## Data extract
================================

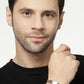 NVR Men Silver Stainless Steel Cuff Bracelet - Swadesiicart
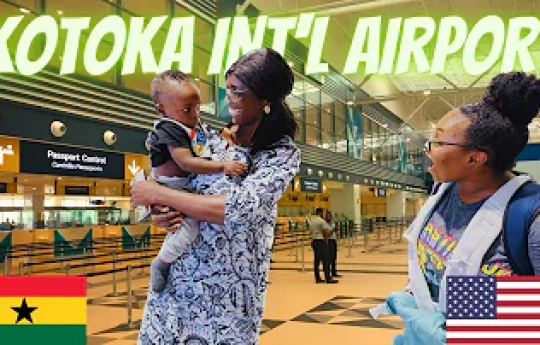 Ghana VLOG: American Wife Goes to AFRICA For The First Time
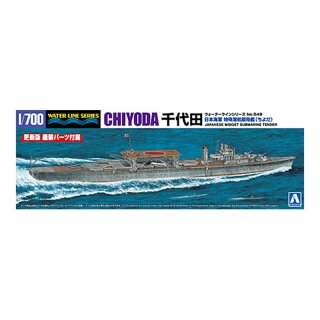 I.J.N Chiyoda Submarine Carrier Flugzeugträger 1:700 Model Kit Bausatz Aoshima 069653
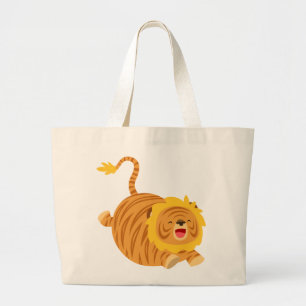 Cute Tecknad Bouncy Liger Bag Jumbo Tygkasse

================================

## Assignment
Copy all the data exactly as written, but skip any picture.

## Completed exercise
 NVR Men Silver Stainless Steel Cuff Bracelet - Swadesiicart
 Ghana VLOG: American Wife Goes to AFRICA For The First Time
 I.J.N Chiyoda Submarine Carrier Flugzeugträger 1:700 Model Kit Bausatz Aoshima 069653
 Cute Tecknad Bouncy Liger Bag Jumbo Tygkasse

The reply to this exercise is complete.